== Segment start ==

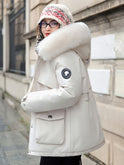 Lumina Wear Chloe utility parka coat with faux-fur collar in khaki, showcasing a stylish, casual jacket for cold weather.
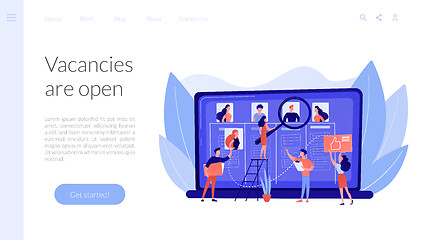 Image showing Wanted employees concept landing page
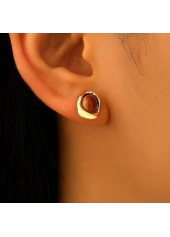 Golden Tiger Eye Stone Alloy Earrings | thumb picture 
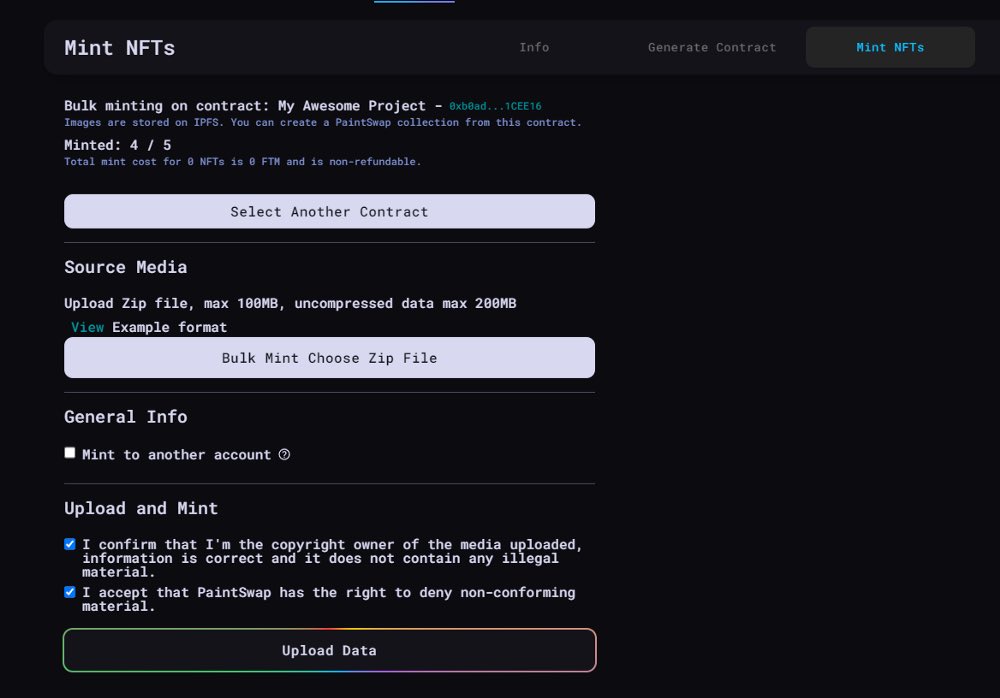 Using our factory contracts in v3 marketplace? You can now batch mint NFTs by uploading a csv and zip file! Check out our docs for more info! #nfts #fantom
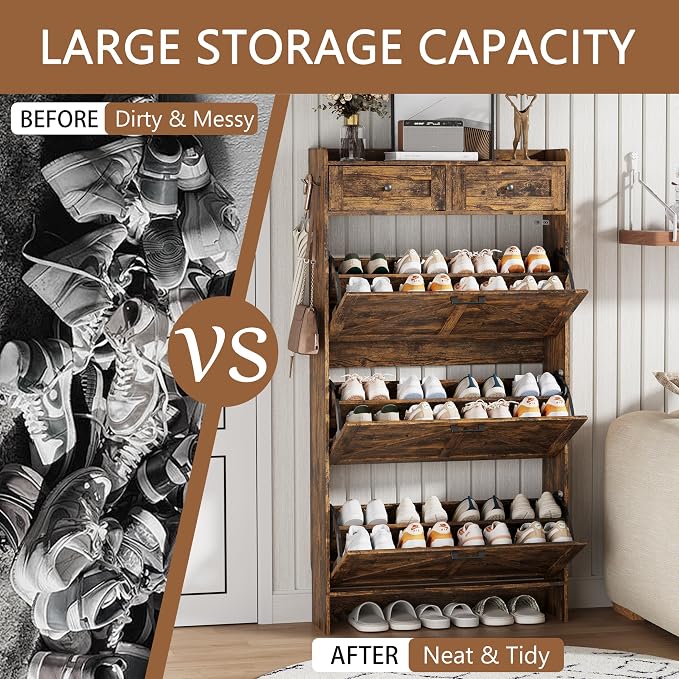 Shoe Cabinet with 3 Flip Drawers & 2 Top Drawers, 57" Tall Freestanding Narrow Wooden Shoe Storage Organizer for Entryway, Hidden Slim Shoe Rack for Front Door Entrance, Hallway, Living Room, Brown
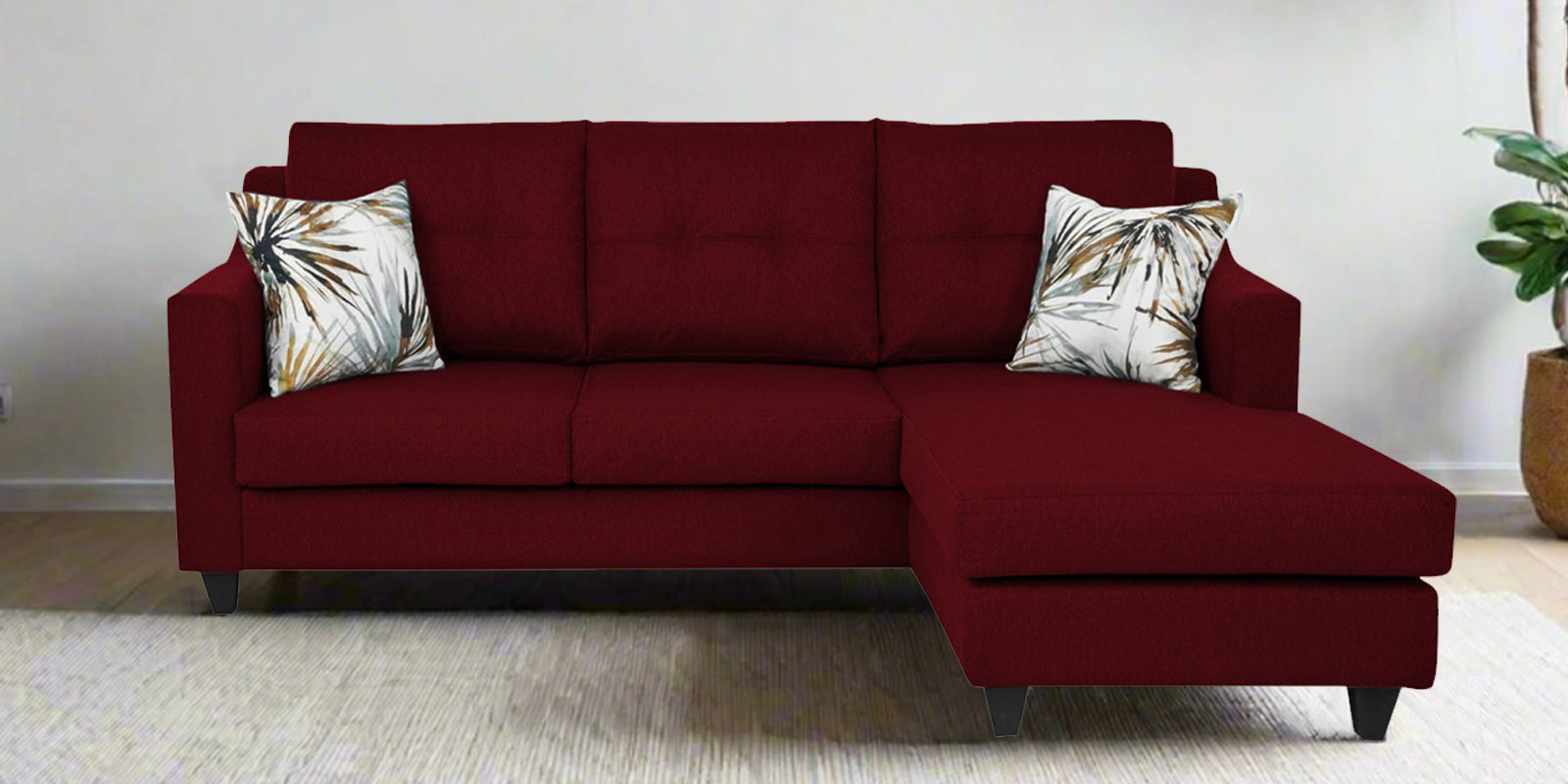 Welly Fabric LHS Sectional Sofa (2+Lounger) In Ruby Red Colour - Febonic Living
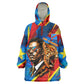 DR Congo Patrice Lumumba Football Victory Kid Wearable Blanket Hoodie African Pride Leopard And Flag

== Segment end ==

- **EXERCISE PROMPT**:
In the records above, find the line that contains "Golden Tiger Eye", then write it out along with every line after it, exactly, through the last one. Leave the pictures out.

- **RESULT FOR THIS TASK**:
 Golden Tiger Eye Stone Alloy Earrings | thumb picture 
 Using our factory contracts in v3 marketplace? You can now batch mint NFTs by uploading a csv and zip file! Check out our docs for more info! #nfts #fantom
 Shoe Cabinet with 3 Flip Drawers & 2 Top Drawers, 57" Tall Freestanding Narrow Wooden Shoe Storage Organizer for Entryway, Hidden Slim Shoe Rack for Front Door Entrance, Hallway, Living Room, Brown
 Welly Fabric LHS Sectional Sofa (2+Lounger) In Ruby Red Colour - Febonic Living
 DR Congo Patrice Lumumba Football Victory Kid Wearable Blanket Hoodie African Pride Leopard And Flag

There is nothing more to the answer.